* **Provided material**:
————————

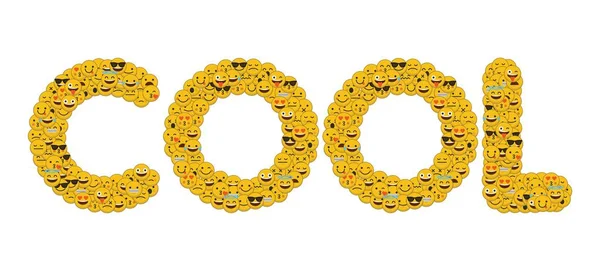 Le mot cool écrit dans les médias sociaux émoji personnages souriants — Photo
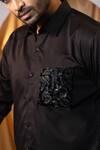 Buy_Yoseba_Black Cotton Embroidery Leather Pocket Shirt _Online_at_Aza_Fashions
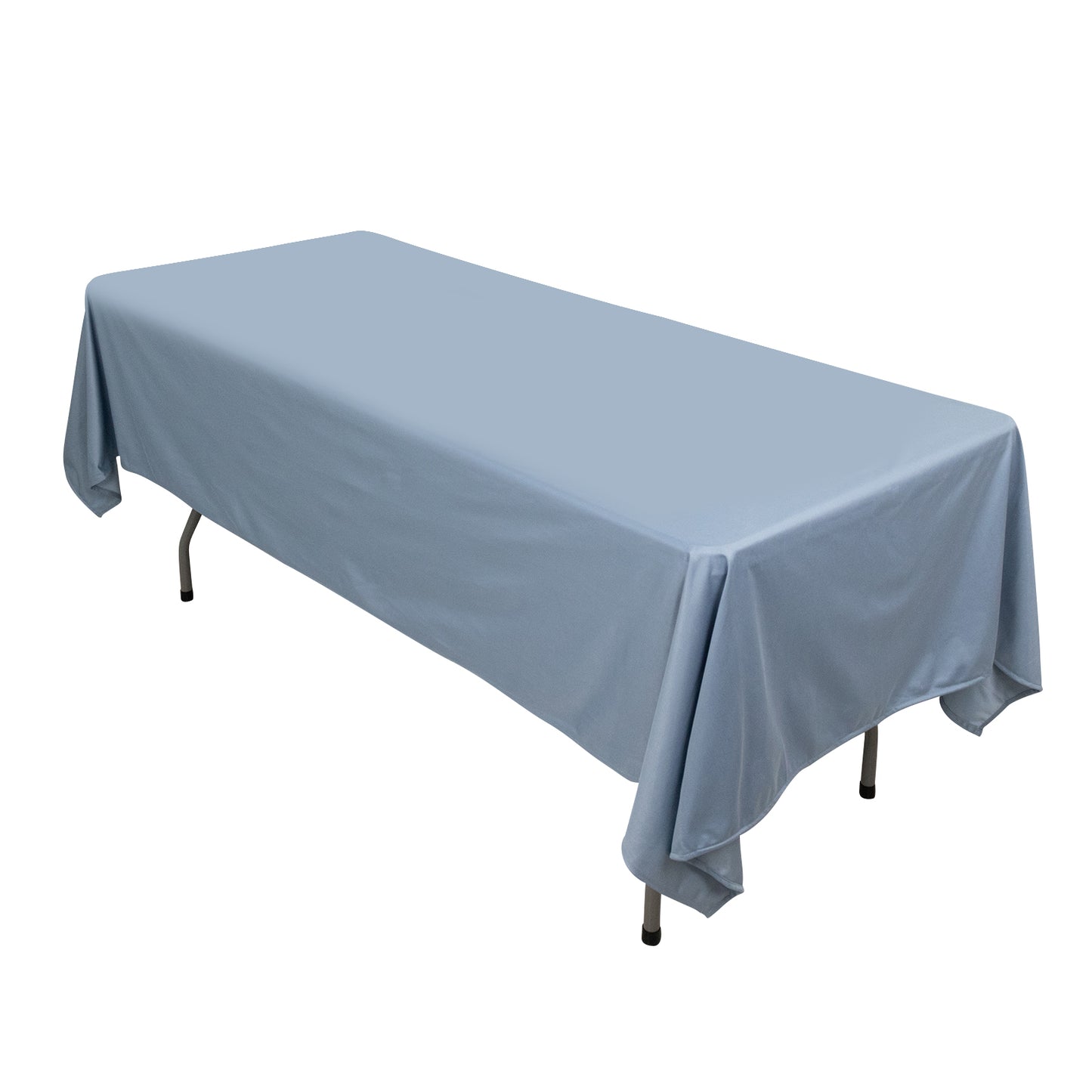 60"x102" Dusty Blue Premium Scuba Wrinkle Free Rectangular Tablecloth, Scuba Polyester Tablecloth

————————

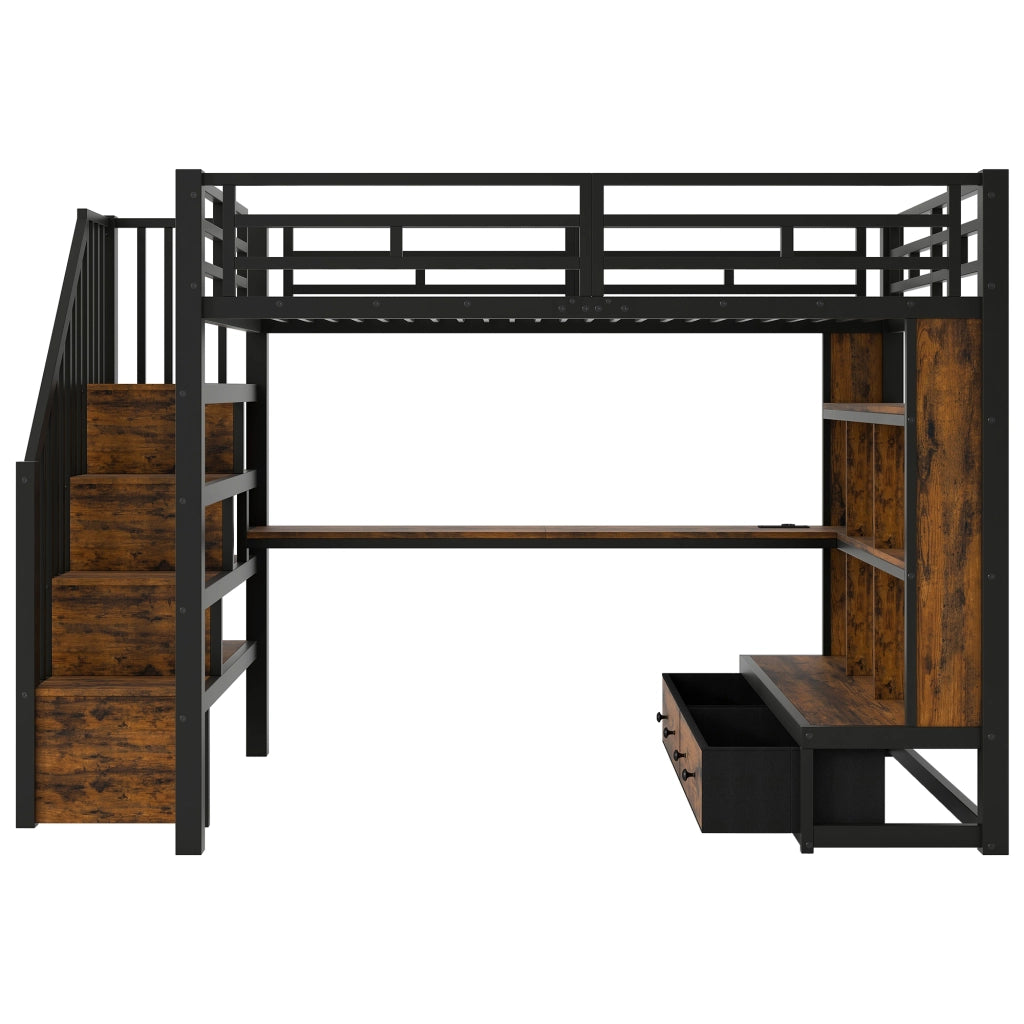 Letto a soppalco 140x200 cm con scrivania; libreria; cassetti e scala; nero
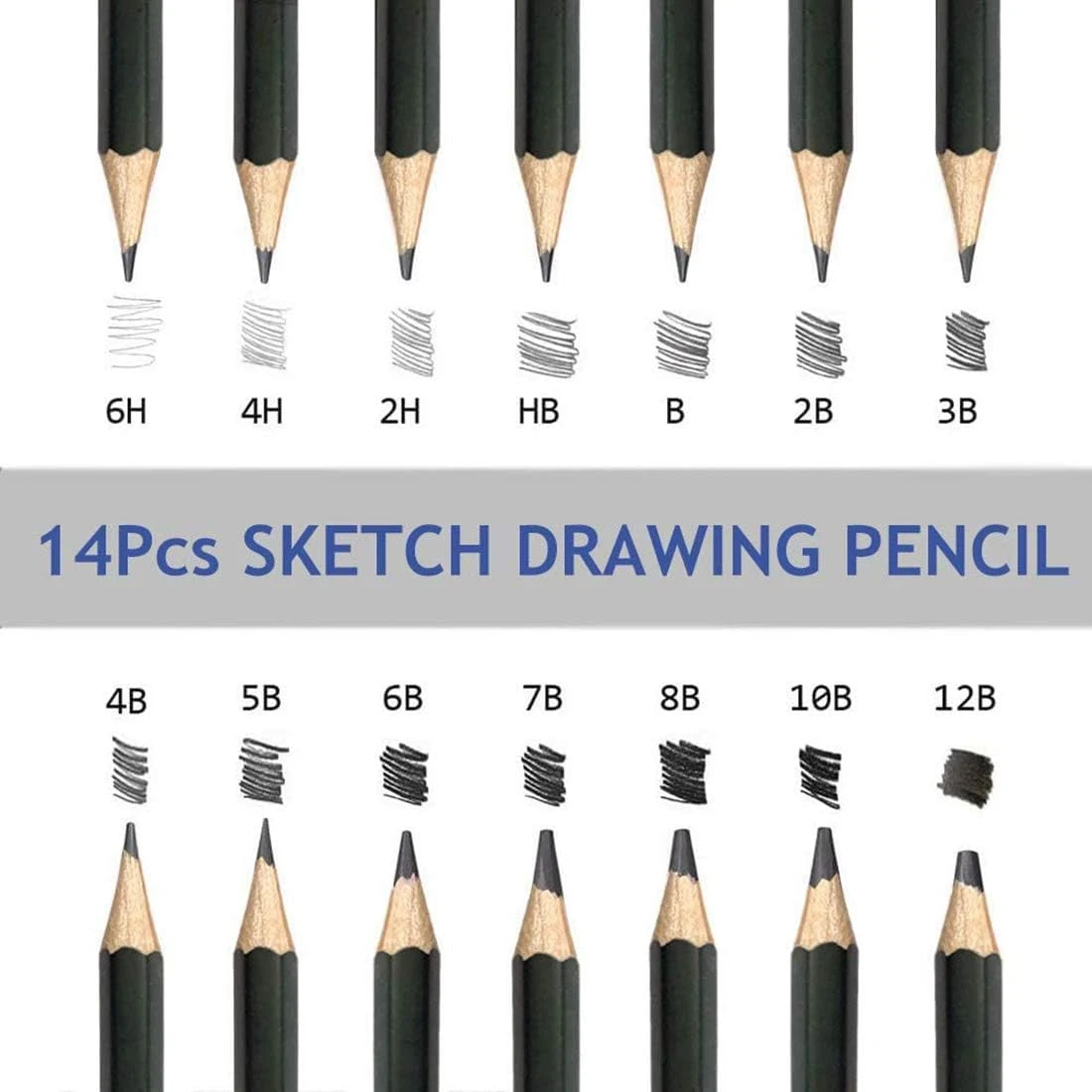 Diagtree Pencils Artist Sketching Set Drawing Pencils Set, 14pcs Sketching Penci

————————

Reproduce exactly, with no pictures, the lines above from the one holding "Le mot cool" to the one holding "Scuba Polyester Tablecloth", inclusive.

 Le mot cool écrit dans les médias sociaux émoji personnages souriants — Photo
 Buy_Yoseba_Black Cotton Embroidery Leather Pocket Shirt _Online_at_Aza_Fashions
 60"x102" Dusty Blue Premium Scuba Wrinkle Free Rectangular Tablecloth, Scuba Polyester Tablecloth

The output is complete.